Copy exactly the lines of the records below, and only those lines, beginning with the line that contains "Chrysler Pacifica Limited FWD 2017" and ending with the line that contains "KG모빌리티(쌍용) 코란도 CX7(4WD) 클럽 사진".

------------------------------------------------

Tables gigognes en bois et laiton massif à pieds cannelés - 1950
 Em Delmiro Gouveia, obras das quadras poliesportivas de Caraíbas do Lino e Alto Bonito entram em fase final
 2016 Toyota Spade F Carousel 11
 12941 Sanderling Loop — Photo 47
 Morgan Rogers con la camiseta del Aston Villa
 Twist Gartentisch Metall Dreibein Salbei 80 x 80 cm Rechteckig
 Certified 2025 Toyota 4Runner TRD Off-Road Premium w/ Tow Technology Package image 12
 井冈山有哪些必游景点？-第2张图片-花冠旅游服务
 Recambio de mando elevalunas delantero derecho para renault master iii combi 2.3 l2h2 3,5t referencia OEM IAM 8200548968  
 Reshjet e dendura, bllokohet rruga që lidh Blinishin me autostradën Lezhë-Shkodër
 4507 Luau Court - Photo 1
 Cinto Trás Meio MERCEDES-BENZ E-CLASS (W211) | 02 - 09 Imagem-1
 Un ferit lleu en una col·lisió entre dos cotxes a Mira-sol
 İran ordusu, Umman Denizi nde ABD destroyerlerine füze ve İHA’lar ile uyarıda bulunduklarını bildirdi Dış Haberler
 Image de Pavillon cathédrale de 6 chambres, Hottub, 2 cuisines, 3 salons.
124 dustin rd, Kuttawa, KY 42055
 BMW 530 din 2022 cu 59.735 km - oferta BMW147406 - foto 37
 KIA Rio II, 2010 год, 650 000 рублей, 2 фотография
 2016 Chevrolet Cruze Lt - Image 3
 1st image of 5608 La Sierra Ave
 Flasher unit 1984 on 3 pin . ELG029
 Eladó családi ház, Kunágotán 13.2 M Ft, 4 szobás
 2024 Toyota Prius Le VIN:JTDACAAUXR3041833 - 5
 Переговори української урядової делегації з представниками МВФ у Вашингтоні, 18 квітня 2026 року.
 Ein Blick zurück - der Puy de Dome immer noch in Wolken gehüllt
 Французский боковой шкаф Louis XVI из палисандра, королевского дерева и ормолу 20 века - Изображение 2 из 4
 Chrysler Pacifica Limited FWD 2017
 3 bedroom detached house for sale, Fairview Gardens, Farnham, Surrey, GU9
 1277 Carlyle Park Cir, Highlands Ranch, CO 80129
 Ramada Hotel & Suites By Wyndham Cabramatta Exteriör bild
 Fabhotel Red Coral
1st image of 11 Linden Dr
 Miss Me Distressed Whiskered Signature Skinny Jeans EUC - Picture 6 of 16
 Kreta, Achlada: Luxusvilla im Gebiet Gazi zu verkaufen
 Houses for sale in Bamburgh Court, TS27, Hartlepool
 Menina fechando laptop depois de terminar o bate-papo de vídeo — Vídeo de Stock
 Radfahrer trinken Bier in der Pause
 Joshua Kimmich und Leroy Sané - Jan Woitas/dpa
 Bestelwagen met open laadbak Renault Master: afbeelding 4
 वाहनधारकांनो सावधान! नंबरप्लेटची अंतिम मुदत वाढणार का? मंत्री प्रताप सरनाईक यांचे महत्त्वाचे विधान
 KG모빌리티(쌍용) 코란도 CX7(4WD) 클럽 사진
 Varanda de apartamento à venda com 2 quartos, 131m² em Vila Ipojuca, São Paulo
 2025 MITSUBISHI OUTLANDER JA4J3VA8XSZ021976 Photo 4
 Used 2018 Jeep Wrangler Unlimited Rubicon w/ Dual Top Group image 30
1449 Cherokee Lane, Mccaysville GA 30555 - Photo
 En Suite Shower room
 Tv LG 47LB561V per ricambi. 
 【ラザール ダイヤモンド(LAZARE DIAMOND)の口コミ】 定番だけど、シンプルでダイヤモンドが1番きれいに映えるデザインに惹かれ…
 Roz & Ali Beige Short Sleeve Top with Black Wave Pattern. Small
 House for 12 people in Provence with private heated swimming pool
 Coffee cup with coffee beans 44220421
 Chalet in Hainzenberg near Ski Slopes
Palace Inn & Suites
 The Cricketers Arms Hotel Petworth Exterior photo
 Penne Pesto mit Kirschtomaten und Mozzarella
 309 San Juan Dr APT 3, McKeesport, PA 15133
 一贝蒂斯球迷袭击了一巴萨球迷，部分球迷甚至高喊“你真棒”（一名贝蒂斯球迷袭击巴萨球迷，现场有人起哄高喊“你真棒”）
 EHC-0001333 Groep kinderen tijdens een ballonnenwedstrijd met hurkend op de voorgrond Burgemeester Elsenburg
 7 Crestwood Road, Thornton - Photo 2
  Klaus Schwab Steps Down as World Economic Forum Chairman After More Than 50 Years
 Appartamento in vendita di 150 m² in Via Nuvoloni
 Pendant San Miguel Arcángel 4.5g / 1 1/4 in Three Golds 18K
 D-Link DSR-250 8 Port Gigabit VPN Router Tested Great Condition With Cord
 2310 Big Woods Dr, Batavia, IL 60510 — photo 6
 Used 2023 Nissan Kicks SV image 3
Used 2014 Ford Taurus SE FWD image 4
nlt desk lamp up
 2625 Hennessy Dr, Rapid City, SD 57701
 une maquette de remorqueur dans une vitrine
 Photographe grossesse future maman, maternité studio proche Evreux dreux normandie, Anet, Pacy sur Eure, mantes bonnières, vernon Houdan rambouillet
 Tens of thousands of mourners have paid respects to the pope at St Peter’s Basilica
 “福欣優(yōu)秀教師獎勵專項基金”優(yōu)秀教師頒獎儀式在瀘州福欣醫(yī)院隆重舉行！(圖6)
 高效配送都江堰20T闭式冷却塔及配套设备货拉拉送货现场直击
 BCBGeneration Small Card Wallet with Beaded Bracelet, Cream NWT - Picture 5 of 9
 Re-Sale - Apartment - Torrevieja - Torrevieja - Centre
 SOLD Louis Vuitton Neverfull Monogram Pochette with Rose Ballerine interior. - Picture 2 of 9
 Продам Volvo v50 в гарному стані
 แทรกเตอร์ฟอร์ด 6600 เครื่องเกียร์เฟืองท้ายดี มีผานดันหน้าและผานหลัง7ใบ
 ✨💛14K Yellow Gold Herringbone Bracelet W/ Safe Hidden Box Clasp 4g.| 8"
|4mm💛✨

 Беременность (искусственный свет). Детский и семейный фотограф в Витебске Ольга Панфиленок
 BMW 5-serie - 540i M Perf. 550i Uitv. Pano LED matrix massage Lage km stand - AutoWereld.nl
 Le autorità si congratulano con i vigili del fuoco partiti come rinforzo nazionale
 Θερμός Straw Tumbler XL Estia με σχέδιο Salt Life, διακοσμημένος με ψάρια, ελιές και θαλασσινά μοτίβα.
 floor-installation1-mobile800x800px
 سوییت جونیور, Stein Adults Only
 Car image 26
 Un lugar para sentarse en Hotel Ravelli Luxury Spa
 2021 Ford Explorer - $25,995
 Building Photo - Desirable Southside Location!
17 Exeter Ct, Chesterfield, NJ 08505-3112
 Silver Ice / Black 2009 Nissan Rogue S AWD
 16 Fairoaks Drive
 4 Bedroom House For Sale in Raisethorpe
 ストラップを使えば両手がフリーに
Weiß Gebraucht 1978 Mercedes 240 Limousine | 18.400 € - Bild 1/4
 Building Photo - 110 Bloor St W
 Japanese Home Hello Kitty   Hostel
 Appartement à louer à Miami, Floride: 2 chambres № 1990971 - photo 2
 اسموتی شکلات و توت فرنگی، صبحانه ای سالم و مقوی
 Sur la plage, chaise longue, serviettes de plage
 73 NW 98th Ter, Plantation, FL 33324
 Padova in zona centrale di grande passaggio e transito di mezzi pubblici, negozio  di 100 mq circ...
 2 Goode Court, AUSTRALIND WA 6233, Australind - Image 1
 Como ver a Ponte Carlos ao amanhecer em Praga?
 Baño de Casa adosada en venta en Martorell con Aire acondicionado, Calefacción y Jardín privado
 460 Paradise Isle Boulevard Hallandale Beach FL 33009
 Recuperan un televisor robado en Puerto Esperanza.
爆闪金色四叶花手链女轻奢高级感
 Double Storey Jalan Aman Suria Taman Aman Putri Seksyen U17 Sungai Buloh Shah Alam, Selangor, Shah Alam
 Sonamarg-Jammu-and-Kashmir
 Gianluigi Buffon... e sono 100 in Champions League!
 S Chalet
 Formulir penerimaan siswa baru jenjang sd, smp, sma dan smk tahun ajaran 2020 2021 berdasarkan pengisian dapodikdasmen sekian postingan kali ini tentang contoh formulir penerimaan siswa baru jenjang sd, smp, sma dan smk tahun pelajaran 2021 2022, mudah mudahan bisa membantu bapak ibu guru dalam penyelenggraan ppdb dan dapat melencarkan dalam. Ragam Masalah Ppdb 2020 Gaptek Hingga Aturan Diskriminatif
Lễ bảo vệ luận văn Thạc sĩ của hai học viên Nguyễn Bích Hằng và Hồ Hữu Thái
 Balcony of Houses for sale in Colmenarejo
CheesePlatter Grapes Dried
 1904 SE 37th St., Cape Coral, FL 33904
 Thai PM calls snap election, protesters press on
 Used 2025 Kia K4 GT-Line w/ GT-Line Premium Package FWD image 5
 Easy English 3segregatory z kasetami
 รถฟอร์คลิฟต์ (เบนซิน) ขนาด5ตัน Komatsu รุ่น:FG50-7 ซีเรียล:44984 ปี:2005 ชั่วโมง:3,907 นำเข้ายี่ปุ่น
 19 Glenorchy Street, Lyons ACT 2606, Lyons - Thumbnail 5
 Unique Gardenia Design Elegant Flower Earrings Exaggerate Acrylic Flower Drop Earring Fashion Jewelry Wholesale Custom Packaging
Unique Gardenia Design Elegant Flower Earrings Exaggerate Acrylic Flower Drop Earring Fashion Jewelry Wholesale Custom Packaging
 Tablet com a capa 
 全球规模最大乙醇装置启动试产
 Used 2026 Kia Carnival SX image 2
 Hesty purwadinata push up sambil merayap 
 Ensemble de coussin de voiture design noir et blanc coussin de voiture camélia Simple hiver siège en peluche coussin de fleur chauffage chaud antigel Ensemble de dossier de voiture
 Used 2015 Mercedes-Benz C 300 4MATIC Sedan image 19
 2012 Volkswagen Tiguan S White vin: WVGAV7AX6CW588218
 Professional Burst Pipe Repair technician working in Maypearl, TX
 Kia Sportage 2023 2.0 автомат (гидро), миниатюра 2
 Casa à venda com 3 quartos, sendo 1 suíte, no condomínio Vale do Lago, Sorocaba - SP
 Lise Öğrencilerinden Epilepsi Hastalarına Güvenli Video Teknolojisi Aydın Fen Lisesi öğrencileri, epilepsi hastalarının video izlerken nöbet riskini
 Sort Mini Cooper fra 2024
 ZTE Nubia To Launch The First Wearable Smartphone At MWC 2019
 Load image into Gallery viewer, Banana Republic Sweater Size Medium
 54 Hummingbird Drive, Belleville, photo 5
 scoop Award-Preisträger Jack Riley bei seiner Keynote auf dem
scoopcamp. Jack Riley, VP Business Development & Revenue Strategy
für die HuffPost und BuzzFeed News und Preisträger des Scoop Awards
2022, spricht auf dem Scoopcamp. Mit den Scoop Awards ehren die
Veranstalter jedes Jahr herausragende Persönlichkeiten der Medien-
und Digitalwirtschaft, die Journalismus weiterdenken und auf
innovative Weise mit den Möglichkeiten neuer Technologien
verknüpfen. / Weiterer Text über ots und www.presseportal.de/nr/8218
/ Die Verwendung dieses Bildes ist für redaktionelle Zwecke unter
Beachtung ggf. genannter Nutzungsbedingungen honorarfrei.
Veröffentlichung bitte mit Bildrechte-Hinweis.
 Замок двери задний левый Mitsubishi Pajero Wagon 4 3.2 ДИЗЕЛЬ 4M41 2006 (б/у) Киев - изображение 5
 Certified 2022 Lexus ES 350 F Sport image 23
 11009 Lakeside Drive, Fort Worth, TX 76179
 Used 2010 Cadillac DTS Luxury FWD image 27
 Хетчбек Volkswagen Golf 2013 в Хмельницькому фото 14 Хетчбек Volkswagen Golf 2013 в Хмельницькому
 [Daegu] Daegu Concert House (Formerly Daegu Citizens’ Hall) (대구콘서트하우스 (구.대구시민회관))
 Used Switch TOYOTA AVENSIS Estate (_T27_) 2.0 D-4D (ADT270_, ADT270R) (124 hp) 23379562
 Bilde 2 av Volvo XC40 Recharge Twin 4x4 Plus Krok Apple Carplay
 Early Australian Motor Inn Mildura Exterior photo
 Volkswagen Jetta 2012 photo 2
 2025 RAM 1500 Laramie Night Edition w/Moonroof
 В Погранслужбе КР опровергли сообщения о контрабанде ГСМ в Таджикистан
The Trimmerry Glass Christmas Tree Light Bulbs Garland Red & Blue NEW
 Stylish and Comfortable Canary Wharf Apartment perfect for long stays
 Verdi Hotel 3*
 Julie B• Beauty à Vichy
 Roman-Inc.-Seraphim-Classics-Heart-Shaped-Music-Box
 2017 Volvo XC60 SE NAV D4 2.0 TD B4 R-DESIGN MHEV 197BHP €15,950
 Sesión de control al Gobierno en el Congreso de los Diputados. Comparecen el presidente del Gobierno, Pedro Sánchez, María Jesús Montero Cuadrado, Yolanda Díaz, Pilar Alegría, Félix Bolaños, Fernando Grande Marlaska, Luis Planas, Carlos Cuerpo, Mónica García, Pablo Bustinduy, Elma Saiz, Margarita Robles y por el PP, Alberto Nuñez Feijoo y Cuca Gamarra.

------------------------------------------------

> _SOLVED EXERCISE_
 Chrysler Pacifica Limited FWD 2017
 3 bedroom detached house for sale, Fairview Gardens, Farnham, Surrey, GU9
 1277 Carlyle Park Cir, Highlands Ranch, CO 80129
 Ramada Hotel & Suites By Wyndham Cabramatta Exteriör bild
 Fabhotel Red Coral
1st image of 11 Linden Dr
 Miss Me Distressed Whiskered Signature Skinny Jeans EUC - Picture 6 of 16
 Kreta, Achlada: Luxusvilla im Gebiet Gazi zu verkaufen
 Houses for sale in Bamburgh Court, TS27, Hartlepool
 Menina fechando laptop depois de terminar o bate-papo de vídeo — Vídeo de Stock
 Radfahrer trinken Bier in der Pause
 Joshua Kimmich und Leroy Sané - Jan Woitas/dpa
 Bestelwagen met open laadbak Renault Master: afbeelding 4
 वाहनधारकांनो सावधान! नंबरप्लेटची अंतिम मुदत वाढणार का? मंत्री प्रताप सरनाईक यांचे महत्त्वाचे विधान
 KG모빌리티(쌍용) 코란도 CX7(4WD) 클럽 사진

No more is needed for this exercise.